(Beginning of SOURCE DATA)
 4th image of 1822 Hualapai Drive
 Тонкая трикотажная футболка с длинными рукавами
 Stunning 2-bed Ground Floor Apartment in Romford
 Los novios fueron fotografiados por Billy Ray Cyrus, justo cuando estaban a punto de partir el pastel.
(End of SOURCE DATA)
(Beginning of SOURCE DATA)
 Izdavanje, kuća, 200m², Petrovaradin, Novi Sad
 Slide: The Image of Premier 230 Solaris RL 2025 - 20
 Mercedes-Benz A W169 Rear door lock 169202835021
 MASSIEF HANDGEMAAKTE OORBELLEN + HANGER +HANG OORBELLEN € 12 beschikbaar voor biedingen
(End of SOURCE DATA)
_DIRECTIONS_
Starting at the line above that contains "4th image of 1822 Hualapai Drive", write out each line exactly until the line that contains "Los novios fueron" has been written, and stop there.

_REPLY TO THE EXERCISE_
 4th image of 1822 Hualapai Drive
 Тонкая трикотажная футболка с длинными рукавами
 Stunning 2-bed Ground Floor Apartment in Romford
 Los novios fueron fotografiados por Billy Ray Cyrus, justo cuando estaban a punto de partir el pastel.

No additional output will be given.